For Aim 1, we will determine the electrocortical correlates of adapting to perturbations applied during rhythmic lower limb stepping on a recumbent stepper. We will use a robotic recumbent stepper to apply brief resistive force perturbations during specific instances in the stepping cycle. We hypothesize that A) a distributed network of brain regions is involved and includes the anterior cingulate, a brain structure associated with error monitoring; B) young and older adults will reduce stepping errors indicating that they adapted to the perturbations with repeated practice, and brain processes will have larger spectral fluctuations and shift to begin prior to the perturbation during perturbed stepping compared to unperturbed stepping; and C) older adults will use greater muscle coactivation, adapt less well, and have smaller and delayed spectral fluctuations of brain processes compared to young adults.

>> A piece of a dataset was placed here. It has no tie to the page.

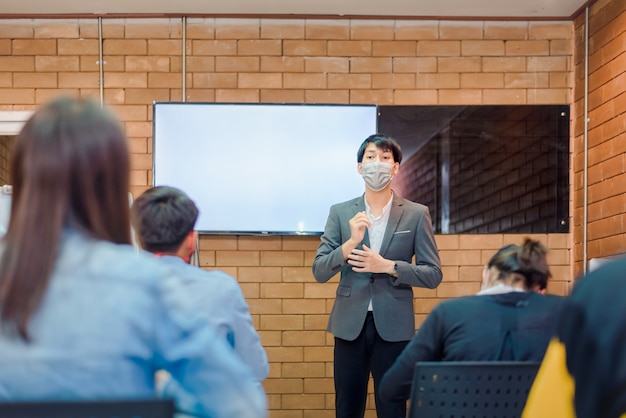 Cooperação empresarial: jovem treinador ou palestrante asiático faz uma apresentação de flip chart para diversos empresários em uma reunião no escritório. o tutor ou formador masculino apresenta o projeto a diversos colegas.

For Aim 2, we will determine the electrocortical correlates of adapting to perturbations applied during walking. We will use a treadmill that can simulate slips and trips in the mediolateral (side-to-side) and anterior-posterior (forwards/backwards) directions to create perturbations during specific instances in the gait cycle. To address potential movement artifact concerns that may be created by the perturbations, we will first block the electrophysiological signals and record isolated movement artifact using the EEG system to characterize the movement artifact in our setup and protocol. This knowledge will help with the analysis and interpretation of the scalp EEG data and may help develop algorithms to remove the movement artifact from EEG signals. In addition to the hypotheses in Aim 1, we have specific hypotheses related to balance control during walking. We hypothesize that the left sensorimotor cortex will have larger spectral fluctuations during perturbed walking compared to unperturbed walking and will be more sensitive to mediolateral perturbations compared to anterior-posterior perturbations. The results of the proposed work will advance our knowledge of brain function in young and older adults by determining adaptation of electrocortical responses to perturbations during walking and a locomotor task. These findings could be applied to develop new fall interventions and gait rehabilitation therapies based on brain dynamics.
Walking about in the real world involves dynamic and uncertain situations and understanding how the brain and body responds and adapts to these situations with advancing age will provide insight related to balance control during walking. We will monitor brain activity, muscle activity, and body movement from step to step as healthy young and older adults adapt to perturbations during treadmill walking and a gait rehabilitation task. The expected findings from these experiments will advance our knowledge of step-to-step brain dynamics related to balance control during walking and could be used to improve fall interventions and gait rehabilitation therapies.